▸ Task statement: Give the lines below again, exactly as they stand, and leave out the images.

▸ Provided data:
# # # #

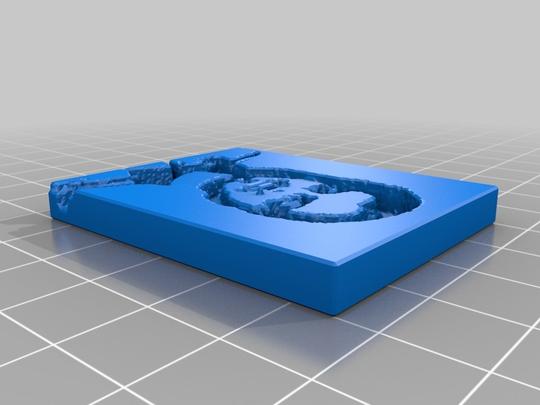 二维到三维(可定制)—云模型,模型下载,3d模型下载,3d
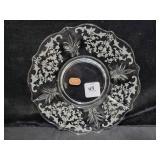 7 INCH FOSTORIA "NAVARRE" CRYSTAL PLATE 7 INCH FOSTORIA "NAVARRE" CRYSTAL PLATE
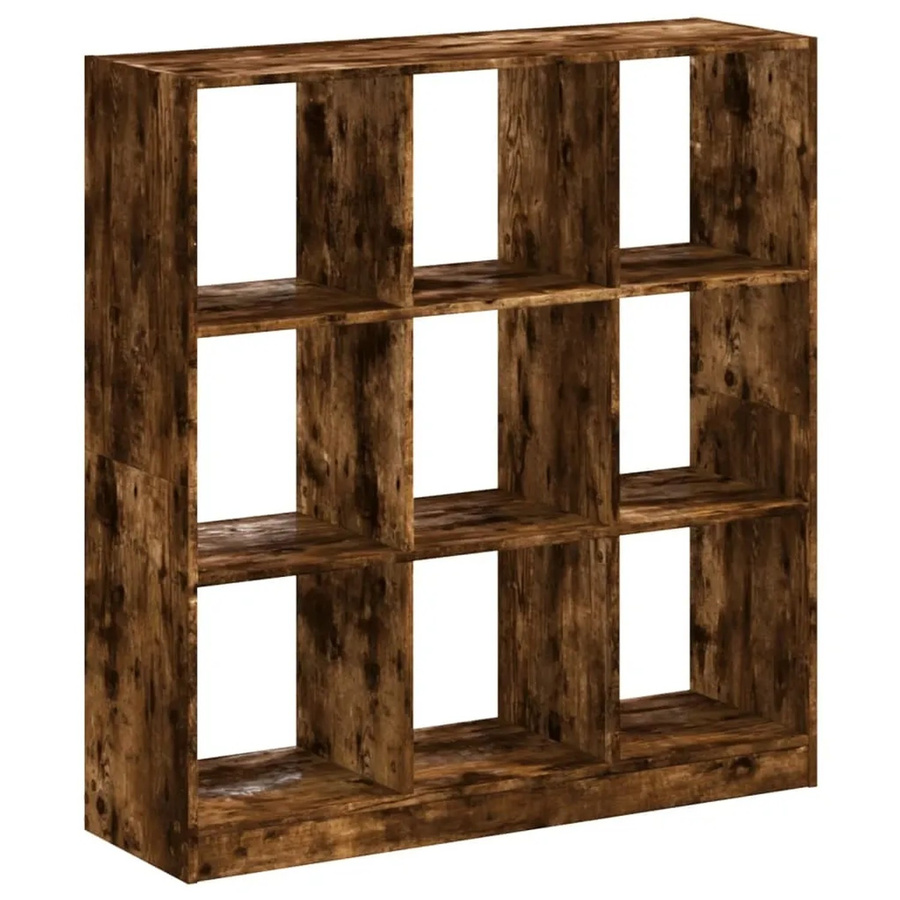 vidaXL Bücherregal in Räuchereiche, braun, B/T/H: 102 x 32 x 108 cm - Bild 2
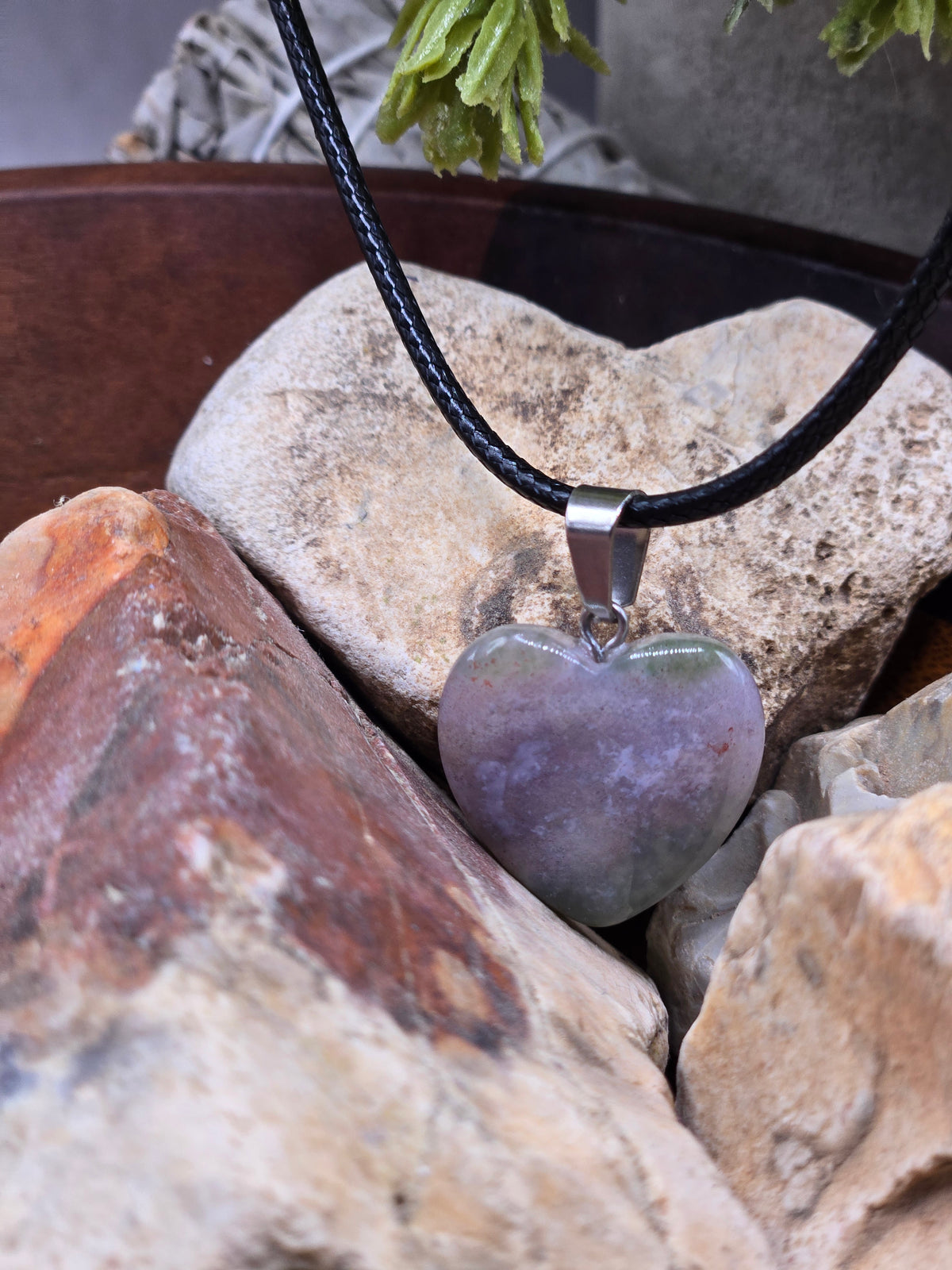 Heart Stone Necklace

# # # #

▸ Written solution:
 二维到三维(可定制)—云模型,模型下载,3d模型下载,3d
 7 INCH FOSTORIA "NAVARRE" CRYSTAL PLATE 7 INCH FOSTORIA "NAVARRE" CRYSTAL PLATE
 vidaXL Bücherregal in Räuchereiche, braun, B/T/H: 102 x 32 x 108 cm - Bild 2
 Heart Stone Necklace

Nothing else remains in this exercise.